**What to do**
Everything in the listing below from the line containing "工場併設ですので、点検から車検まで対応しています。 【国道152号線沿い】浜松市東区有玉北町 345" through the line containing "Maison Lumineuse 8" must be repeated exactly; the remaining lines are not wanted.
Top of Task material
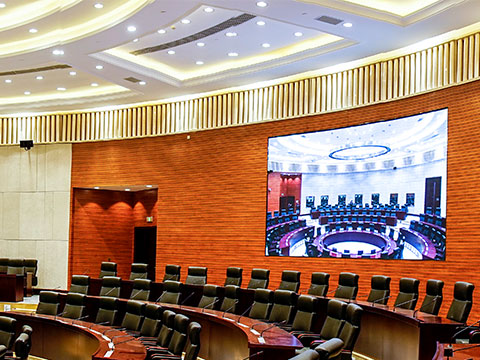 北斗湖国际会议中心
Bottom of Task material
Top of Task material
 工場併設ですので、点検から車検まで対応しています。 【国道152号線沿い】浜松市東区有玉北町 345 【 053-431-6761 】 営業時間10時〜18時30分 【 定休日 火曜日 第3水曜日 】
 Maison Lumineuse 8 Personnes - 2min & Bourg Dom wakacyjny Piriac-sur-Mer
Bottom of Task material
**Task answer**
 工場併設ですので、点検から車検まで対応しています。 【国道152号線沿い】浜松市東区有玉北町 345 【 053-431-6761 】 営業時間10時〜18時30分 【 定休日 火曜日 第3水曜日 】
 Maison Lumineuse 8 Personnes - 2min & Bourg Dom wakacyjny Piriac-sur-Mer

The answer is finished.